Les faubourgs végètent sur une herbe pelée, des pylônes jalonnent un interminable terrain vague, coupé en deux par une route rectiligne, la voiture de loc connait la chanson, globule rouge véloce sur une artère qui peine à séduire, elle traine ses pneus, à chaque contrat, sur le goudron qui conduit à Sofia. София, nous y sommes, le panneau vient, dans les deux alphabets, d’émerger du vide. De grandes barres d’immeubles surgissent à la sortie d’un tunnel, d’autres poussent sous nos yeux, tours étroites et hautes, énormes paquebots restés à quai, blocs rectangulaire affichant sept ou huit étages alors que le GPS, bouillonnant annonce une arrivée imminente. Entre deux empilements de logements où beige et gris rivalisent de dégradés, vous êtes arrivé, votre destination est à votre gauche, pas de trace d’appart hôtel, pas de néons, pas de fléchage, une numérotation des entrées qui déroute, une ZUP, loin de la carte postale qu’on enverra du voyage, des fils enchevêtrés qui dépassent des armoires électriques, une supérette fermée. Pourtant, un gamin apparait, il a les clés. Vue sur une forêt d’immeubles une fois en haut, l’appartement est confortable et lumineux, le métro est à deux pas, la basilique Sainte Sophie à dix minutes.

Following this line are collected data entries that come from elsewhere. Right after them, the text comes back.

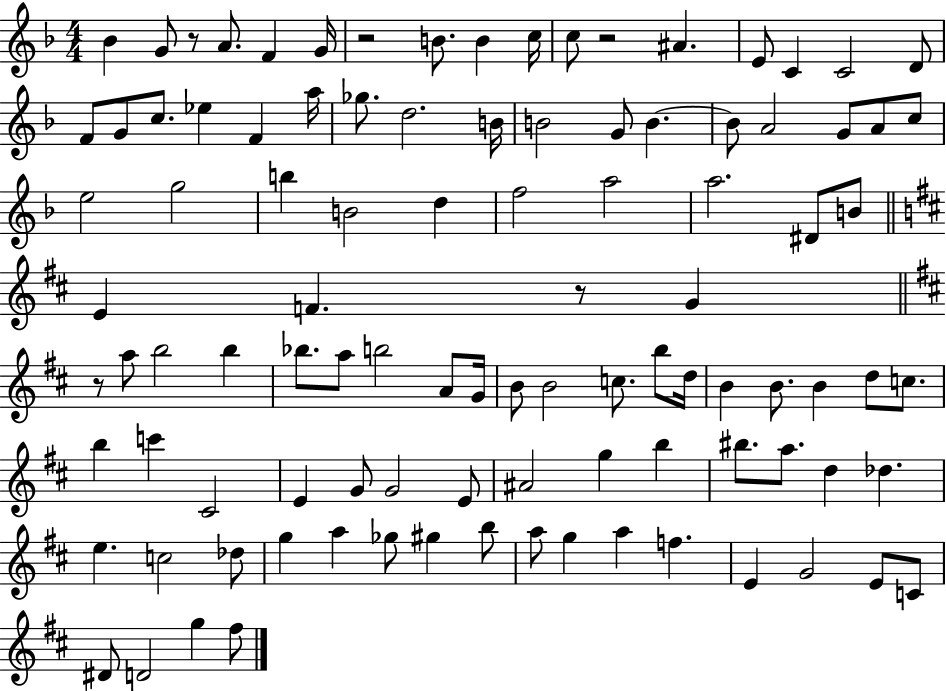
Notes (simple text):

Bb4/q G4/e R/e A4/e. F4/q G4/s R/h B4/e. B4/q C5/s C5/e R/h A#4/q. E4/e C4/q C4/h D4/e F4/e G4/e C5/e. Eb5/q F4/q A5/s Gb5/e. D5/h. B4/s B4/h G4/e B4/q. B4/e A4/h G4/e A4/e C5/e E5/h G5/h B5/q B4/h D5/q F5/h A5/h A5/h. D#4/e B4/e E4/q F4/q. R/e G4/q R/e A5/e B5/h B5/q Bb5/e. A5/e B5/h A4/e G4/s B4/e B4/h C5/e. B5/e D5/s B4/q B4/e. B4/q D5/e C5/e. B5/q C6/q C#4/h E4/q G4/e G4/h E4/e A#4/h G5/q B5/q BIS5/e. A5/e. D5/q Db5/q. E5/q. C5/h Db5/e G5/q A5/q Gb5/e G#5/q B5/e A5/e G5/q A5/q F5/q. E4/q G4/h E4/e C4/e D#4/e D4/h G5/q F#5/e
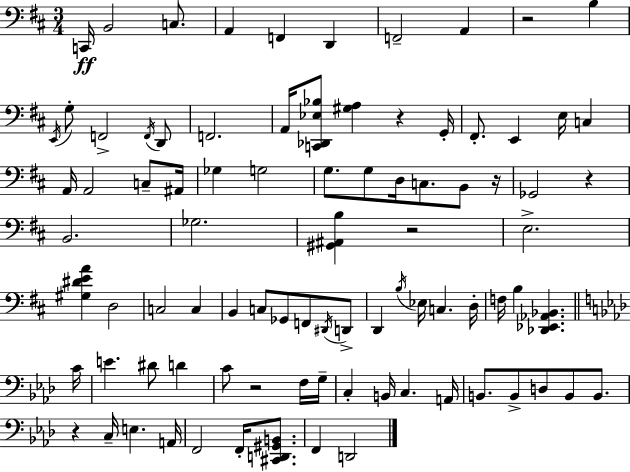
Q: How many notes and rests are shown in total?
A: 88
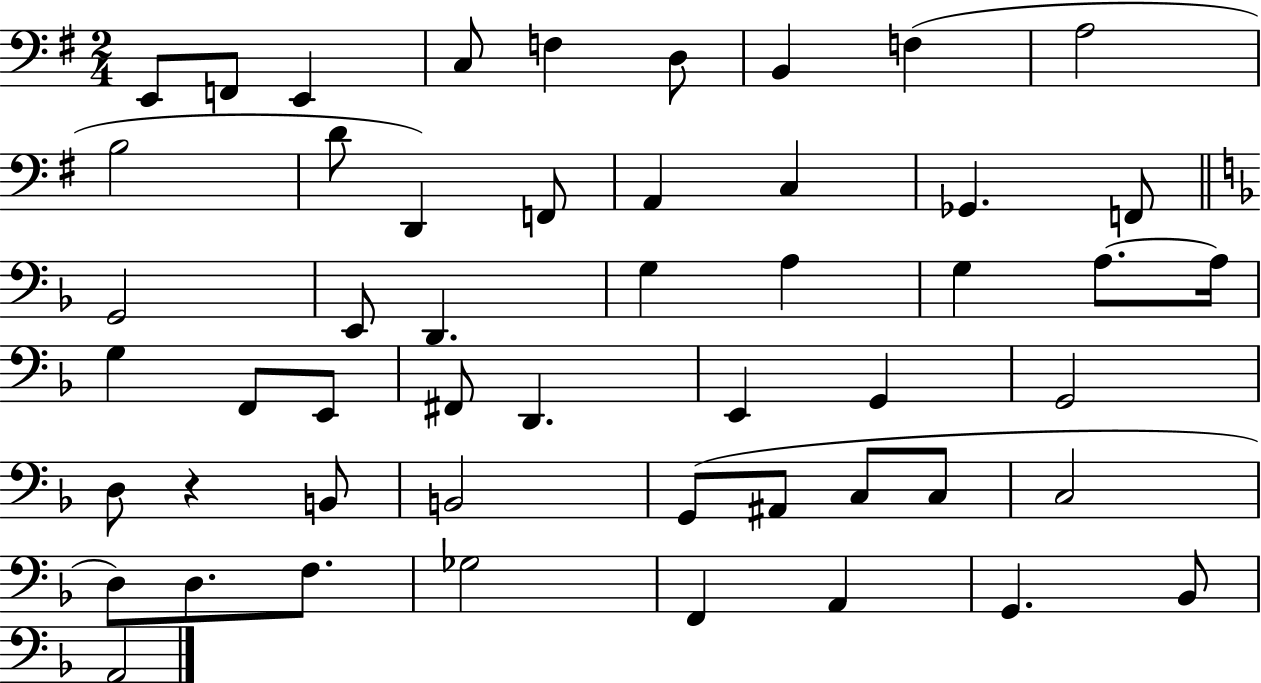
{
  \clef bass
  \numericTimeSignature
  \time 2/4
  \key g \major
  e,8 f,8 e,4 | c8 f4 d8 | b,4 f4( | a2 | \break b2 | d'8 d,4) f,8 | a,4 c4 | ges,4. f,8 | \break \bar "||" \break \key d \minor g,2 | e,8 d,4. | g4 a4 | g4 a8.~~ a16 | \break g4 f,8 e,8 | fis,8 d,4. | e,4 g,4 | g,2 | \break d8 r4 b,8 | b,2 | g,8( ais,8 c8 c8 | c2 | \break d8) d8. f8. | ges2 | f,4 a,4 | g,4. bes,8 | \break a,2 | \bar "|."
}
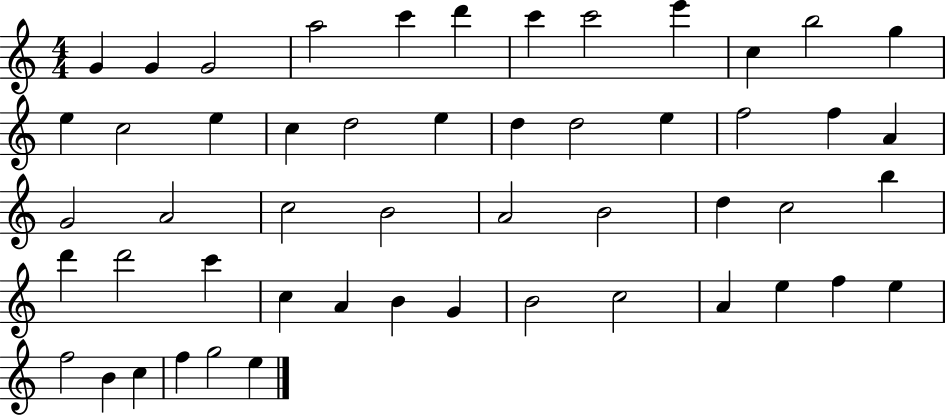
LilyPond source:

{
  \clef treble
  \numericTimeSignature
  \time 4/4
  \key c \major
  g'4 g'4 g'2 | a''2 c'''4 d'''4 | c'''4 c'''2 e'''4 | c''4 b''2 g''4 | \break e''4 c''2 e''4 | c''4 d''2 e''4 | d''4 d''2 e''4 | f''2 f''4 a'4 | \break g'2 a'2 | c''2 b'2 | a'2 b'2 | d''4 c''2 b''4 | \break d'''4 d'''2 c'''4 | c''4 a'4 b'4 g'4 | b'2 c''2 | a'4 e''4 f''4 e''4 | \break f''2 b'4 c''4 | f''4 g''2 e''4 | \bar "|."
}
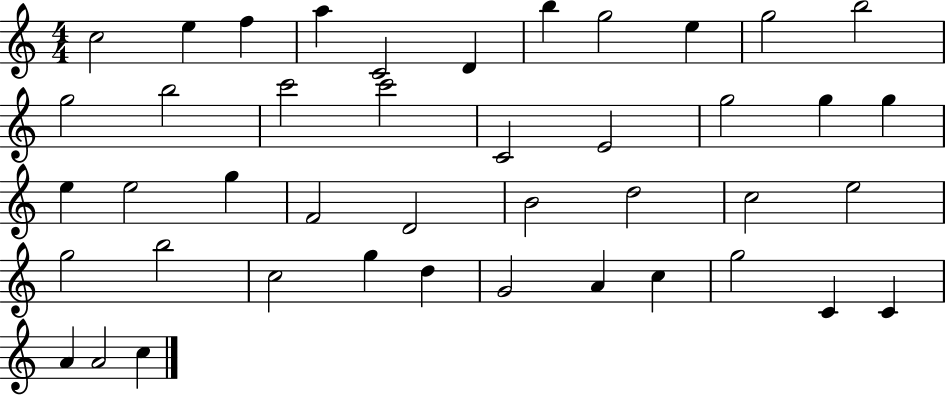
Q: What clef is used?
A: treble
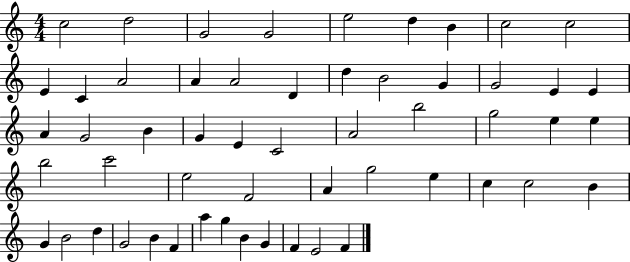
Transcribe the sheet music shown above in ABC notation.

X:1
T:Untitled
M:4/4
L:1/4
K:C
c2 d2 G2 G2 e2 d B c2 c2 E C A2 A A2 D d B2 G G2 E E A G2 B G E C2 A2 b2 g2 e e b2 c'2 e2 F2 A g2 e c c2 B G B2 d G2 B F a g B G F E2 F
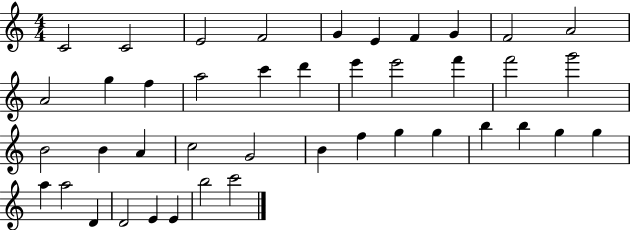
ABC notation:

X:1
T:Untitled
M:4/4
L:1/4
K:C
C2 C2 E2 F2 G E F G F2 A2 A2 g f a2 c' d' e' e'2 f' f'2 g'2 B2 B A c2 G2 B f g g b b g g a a2 D D2 E E b2 c'2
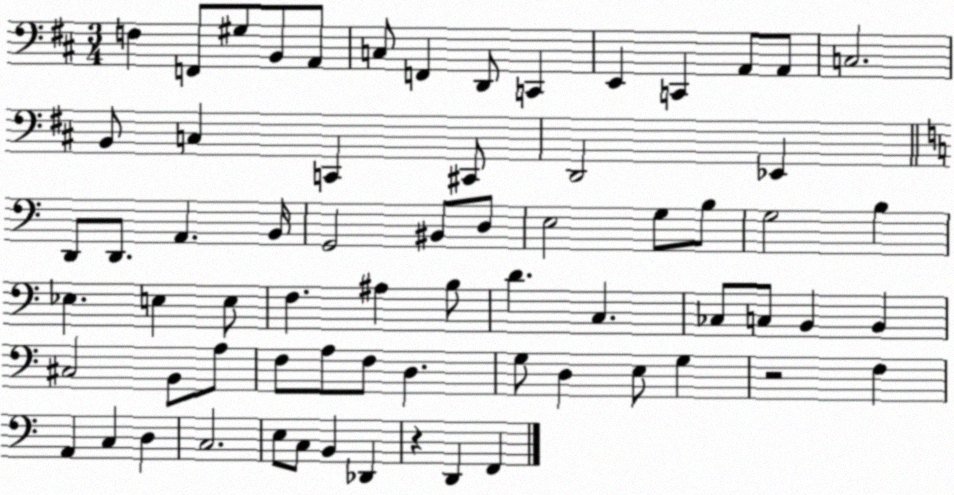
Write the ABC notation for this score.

X:1
T:Untitled
M:3/4
L:1/4
K:D
F, F,,/2 ^G,/2 B,,/2 A,,/2 C,/2 F,, D,,/2 C,, E,, C,, A,,/2 A,,/2 C,2 B,,/2 C, C,, ^C,,/2 D,,2 _E,, D,,/2 D,,/2 A,, B,,/4 G,,2 ^B,,/2 D,/2 E,2 G,/2 B,/2 G,2 B, _E, E, E,/2 F, ^A, B,/2 D C, _C,/2 C,/2 B,, B,, ^C,2 B,,/2 A,/2 F,/2 A,/2 F,/2 D, G,/2 D, E,/2 G, z2 F, A,, C, D, C,2 E,/2 C,/2 B,, _D,, z D,, F,,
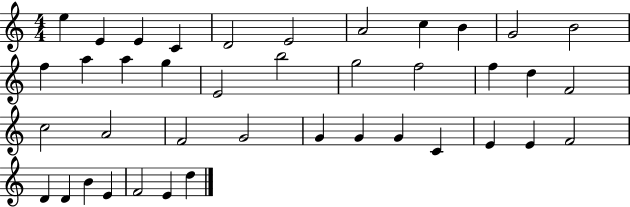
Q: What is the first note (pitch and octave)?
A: E5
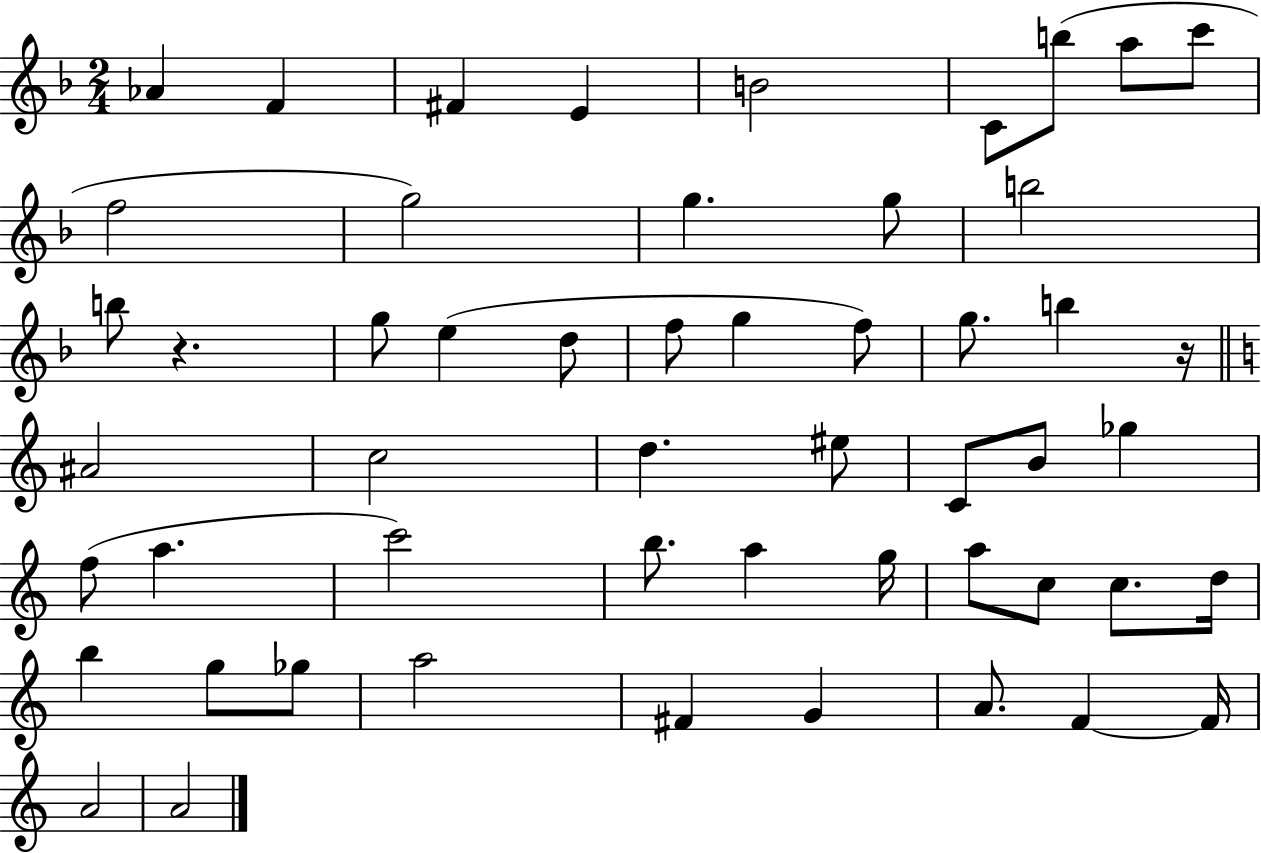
{
  \clef treble
  \numericTimeSignature
  \time 2/4
  \key f \major
  aes'4 f'4 | fis'4 e'4 | b'2 | c'8 b''8( a''8 c'''8 | \break f''2 | g''2) | g''4. g''8 | b''2 | \break b''8 r4. | g''8 e''4( d''8 | f''8 g''4 f''8) | g''8. b''4 r16 | \break \bar "||" \break \key a \minor ais'2 | c''2 | d''4. eis''8 | c'8 b'8 ges''4 | \break f''8( a''4. | c'''2) | b''8. a''4 g''16 | a''8 c''8 c''8. d''16 | \break b''4 g''8 ges''8 | a''2 | fis'4 g'4 | a'8. f'4~~ f'16 | \break a'2 | a'2 | \bar "|."
}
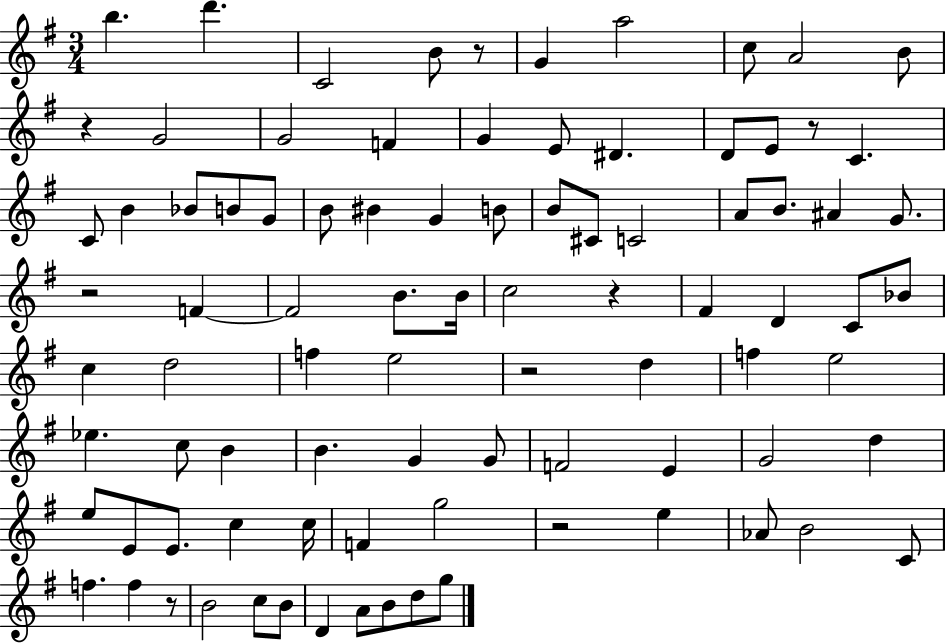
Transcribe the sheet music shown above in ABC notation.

X:1
T:Untitled
M:3/4
L:1/4
K:G
b d' C2 B/2 z/2 G a2 c/2 A2 B/2 z G2 G2 F G E/2 ^D D/2 E/2 z/2 C C/2 B _B/2 B/2 G/2 B/2 ^B G B/2 B/2 ^C/2 C2 A/2 B/2 ^A G/2 z2 F F2 B/2 B/4 c2 z ^F D C/2 _B/2 c d2 f e2 z2 d f e2 _e c/2 B B G G/2 F2 E G2 d e/2 E/2 E/2 c c/4 F g2 z2 e _A/2 B2 C/2 f f z/2 B2 c/2 B/2 D A/2 B/2 d/2 g/2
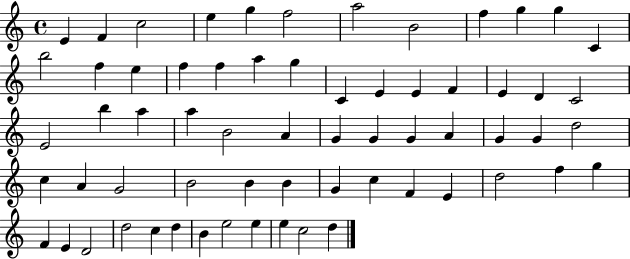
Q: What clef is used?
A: treble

Le petit globule peut rester sur le parking, le quartier est sûr.
Arriver par un train de nuit, directement en ville, se passer des abords, des faubourgs, de la banlieue, de la pauvreté qui s’affiche en dehors du cœur battant des cités. Passer devant, en train mais ne pas s’attarder, ne pas ouvrir le store du compartiment, rassembler ses affaires, vérifier que tout est là, avancer vers la sortie, dix minutes d’arrêt, c’est plus qu’il n’en faut pour descendre. Découvrir, en pleine lumière, la ville qui s’offre, échapper aux miasmes des restes de la nuit. Se laisser séduire, se laisser guider, se laisse mener, se laisser aimer, glisser sous les arcades, les ponts, les coursives, se fondre dans les ruelles, les places, les impasses, traverser les jardins, surplomber les avenues. S’étale-t-elle en bord de mer ou d’océan, en altitude, cette ville où on est, où on vient d’arriver, est-elle de béton ou de pierre, est-elle suspendue ou lacustre ? Arriver par un train de nuit, et, directement à cœur, la saisir.
J’aime beaucoup vos deux arrivée, le sens du détail comme celui de la métaphore.
Merci beaucoup, Laure, pour votre commentaire.